Her book that we will consider today is The Gendered Politics of the Korean Protestant Right: Hegemonic Masculinity (Palgrave Macmillan, 2016), a critical feminist analysis of the Korean Protestant Right’s gendered politics. Nami looks at Father School (an evangelical men’s manhood and fatherhood restoration movement), the anti-LGBT movement, and Islamophobia/anti-Muslim racism that represent the Protestant Right’s distinct yet interrelated ways of engaging the contested hegemonic masculinity in Korean society.
Given both the state of global conflicts and the extent to which hegemonic masculinity is a problem well beyond the Korean Peninsula, it is with great expectation that I welcome and thank my colleague Professor Nami Kim for joining us today.
Nami Kim: Thank you so much, Mary, for your generous introduction. I would like to thank you, Diann, and the WATER Staff (Hannah, Janaya, Charlotte) for creating this opportunity where I can share my work. I do appreciate it.
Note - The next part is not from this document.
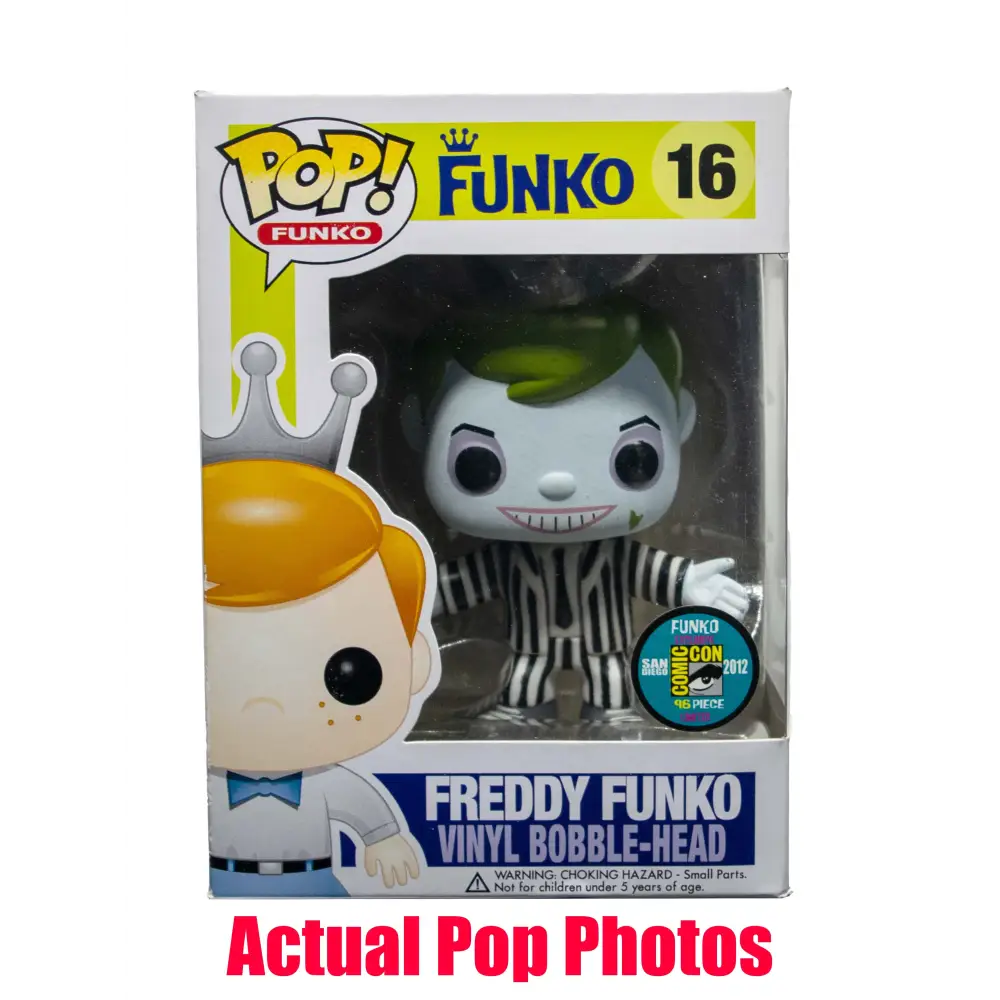 Freddy Funko Beetlejuice 16 - 2012 SDCC Exclusive/96 Made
First of all, I would like to say a few things about my geographical location because it will provide some ideas about how my book idea was initially conceived.
I was born and grew up in South Korea during military dictatorships and came to the U.S. to continue my education. Instead of going back to Korea after finishing my doctoral work more than a decade ago, I became an immigrant living in Atlanta, Georgia, and teaching at a historically black women’s college. Atlanta was the heart of the Civil Rights Movement in the 1960s, and now, the area has grown into a metropolitan city. This metropolitan city’s demographic change has been noticeable, as there are about 260,000 new immigrants from South Korea, India, and Mexico, among others, in less than ten years. There are more than 120,000 Koreans living in Atlanta. If we include undocumented Koreans and other ethnic groups, the number of Asian immigrants will increase. It is also reported that there are about 200 Korean Protestant churches in Atlanta and its suburban areas. Interestingly, the third most spoken language in the state of Georgia is Korean, following English and Spanish.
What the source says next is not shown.